Moscow“was so good” that, for instance, didn’t prohibit a soviet writer (later president of Estonia Lennart Meri) to communicate with the U.S. intellectuals. Consequently “Pribaltica” has become a “showcase” of the Soviet Union, whereas Estonia’s standard of living was higher than in Denmark (pursuant to CIA data provided by the Estonian writer Uno Lacht).

What ”Pribaltica” could expect in the future? According to the above interview, it has two options: either economic degradation (if priority is given to a titular nation) or prosperity in case of integration into Russian market. By this the efforts are made to prove that the plan for the establishment of the Eurasian Union (it is currently very popular in Russia) should also be attractive for the Baltic States.

On the New Year eve Russian Foreign Ministry issued a statement addressing the situation of Russian minorities in foreign countries. According to Konstantin Dolgov, the Ministry’s envoy on human rights, the rights of Russian speaking people are violated in the Baltic States, especially in Estonia and Latvia, including spreading Nazi ideas and the revision of the decisions of the Nuremberg Trials. “These are extremely dangerous trends, and we’ll continue to ask our partners to address this issue”, said Dolgov.

On the very last day of December the Italian magazine Limes published the article about Baltic States after 20 years of Independence. It says, regretfully, that neither Estonia, nor Latvia or Lithuania have desire to fight for freedom and that economic downturn killed the last seeds of patriotism.
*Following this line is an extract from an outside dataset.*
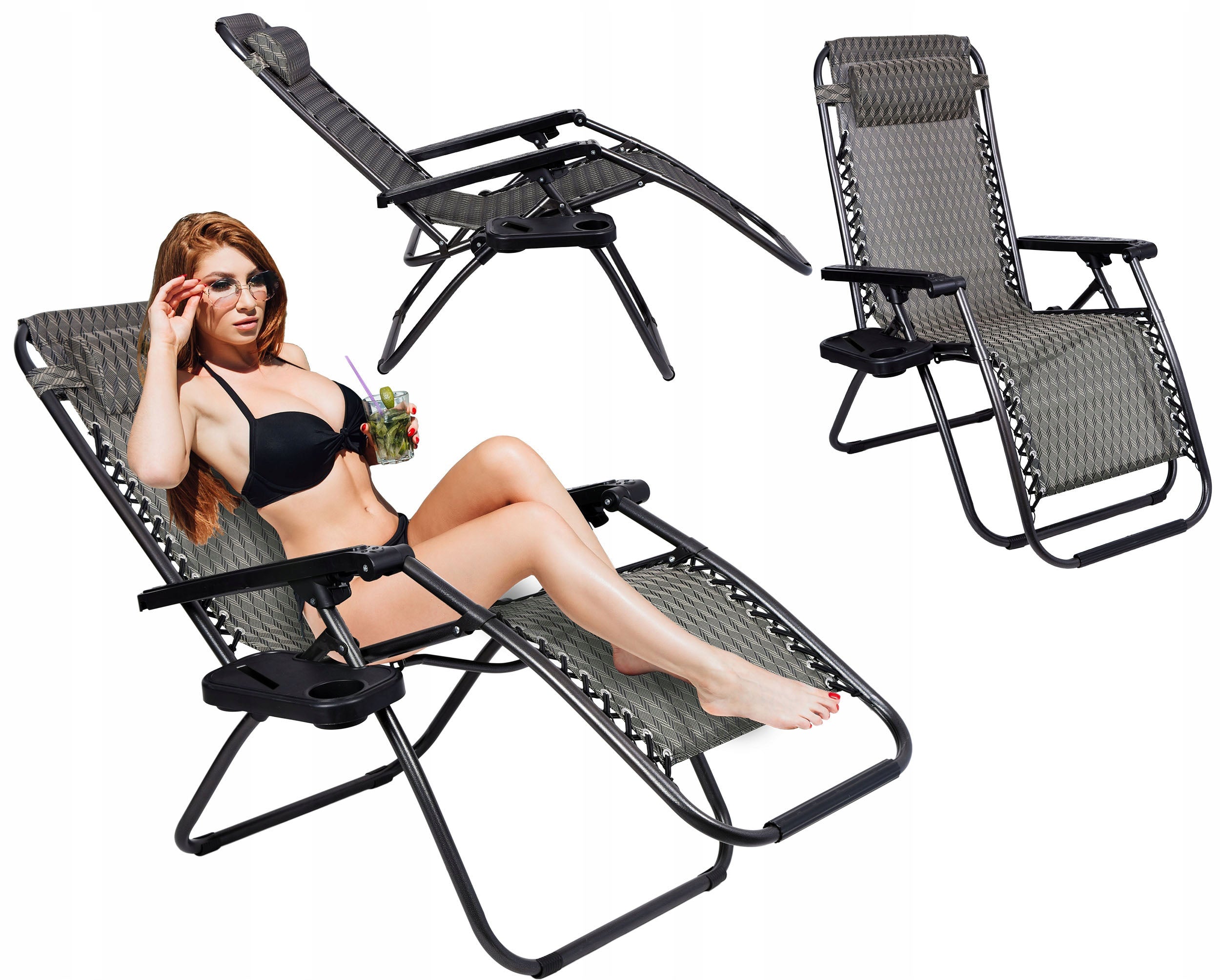 2x GARDEN LOUNGER FOLDING ZERO GRAVITY ORION BEACH CHAIR TERRACE Packaging status original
The article asks: where is solidarity of the Baltic States which was so strong during the singing revolution?

After the 1991 putsch in Moscow the three Baltic States quickly stepped away from Russia and started reforms which have brought the countries to the threshold of NATO and EU memberships. Limes asks: Why the Baltic Tigers have suddenly stopped? The 2008-2009 crisis had such a huge impact on Estonia, Lithuania and Latvia, that GDP in one of them (Latvia) dropped by 18 percent.

According to publication, this is the major issue determining the disagreements between the majority of population and ethnic minorities in Baltic States.  By the way, the article highlights that Lithuania has been hastily looking for the ways of taking away the control of supply of energy resources from Russia. Unfortunately, so far its efforts are in vain. The construction of the Visaginas Nuclear Power Plan has also been delayed.

The magazine quotes the British Daily Mail: if the Euro zone and the entire EU collapses, Russia will return to Baltic States and in 2015 will occupy Latvia, later Estonia and Lithuania and then Belarus and Moldova. Though Limes dissociates itself from the above fantasies, it says that history is in a constant process of change, the same could be said about the European integration or evaluation of the status of separate regions.

We can also assure that Independence of the Baltic States is very stable and that it is impossible to shatter it by any persuasion or expostulation. Let’s assume that Dmitry Kondrashov did know what he meant by the words that “then “Pribaltica” signed a civilization sentence and the current economic crisis enforced this sentence”. The EU is not able to help, whereas Russia with the army of Russian speaking population abroad can extend a helping hand.